Mahlmann et al (2013)¹¹ described a 27-year-old woman who was initiated on XARELTO therapy for prevention of VTE after undergoing gastric bypass without gastrectomy and Y-gastro-jejunostomy. The patient had previously received a VKA for long-term anticoagulant therapy due to recurrent VTE but had unstable INR and coagulation values. She was at a high risk for VTE due to prior VTE episodes and required continued anticoagulation. After switching to XARELTO 20 mg once daily, plasma drug concentrations, INR, and activated partial thromboplastin time were measured. Following the first XARELTO dose, plasma drug concentrations increased rapidly, reaching peak values that were within the expected range. See Table: Plasma Concentrations After Administration of XARELTO 20 mg Once Daily in a Patient Who Underwent Bariatric Surgery.
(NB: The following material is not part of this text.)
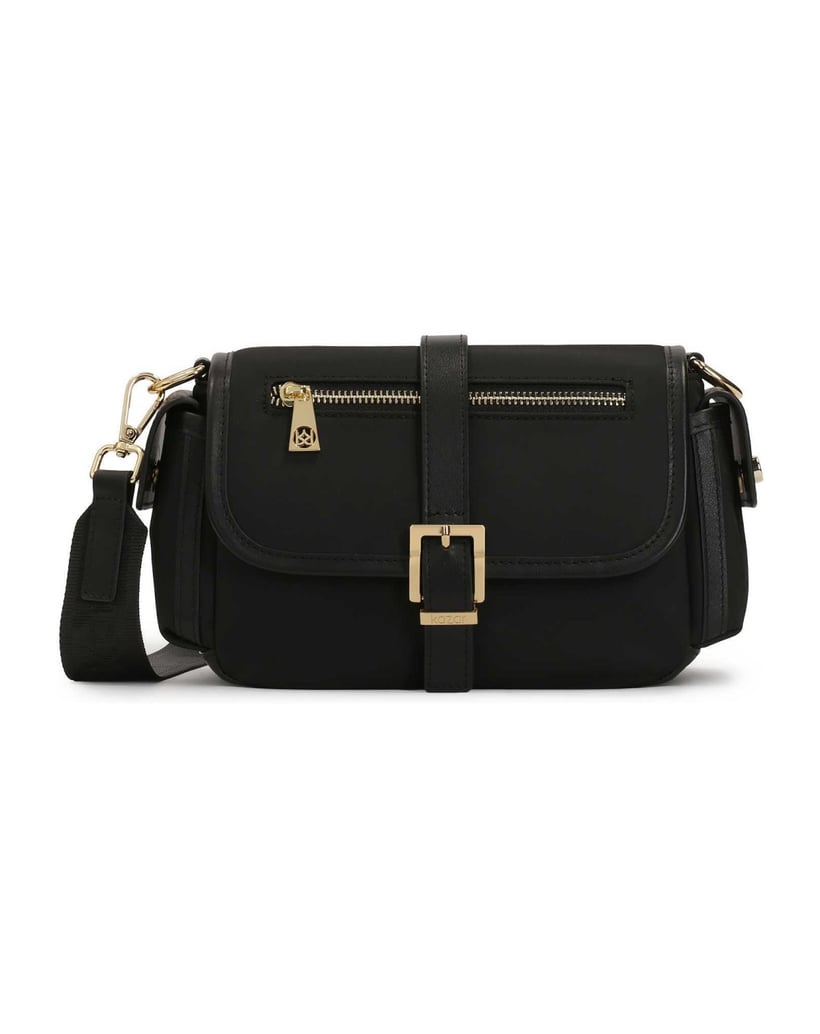 Kazar-Schwarze-Handtasche-mit-Seitentaschen-schwarz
The peak plasma concentrations that were achieved suggest that standard-dose XARELTO resulted in therapeutic anti-Xa levels and was not significantly impaired by bariatric surgery in this patient.¹¹

Higher XARELTO doses, which are used for prevention of stroke in AF and for treatment of VTE, have poor bioavailability (~66% for a 20-mg dose). PK studies have shown that the bioavailability of these higher doses is significantly improved (≥80%) when taken with food. It has been suggested that low caloric intake (~500 calories per day), which is typical after bariatric surgery, may affect the absorption of XARELTO.⁵

LITERATURE SEARCH

A literature search of MEDLINE^®, EMBASE^®, BIOSIS Previews^®, DERWENT^® (and/or other resources, including internal/external databases) was conducted on 15 November 2024.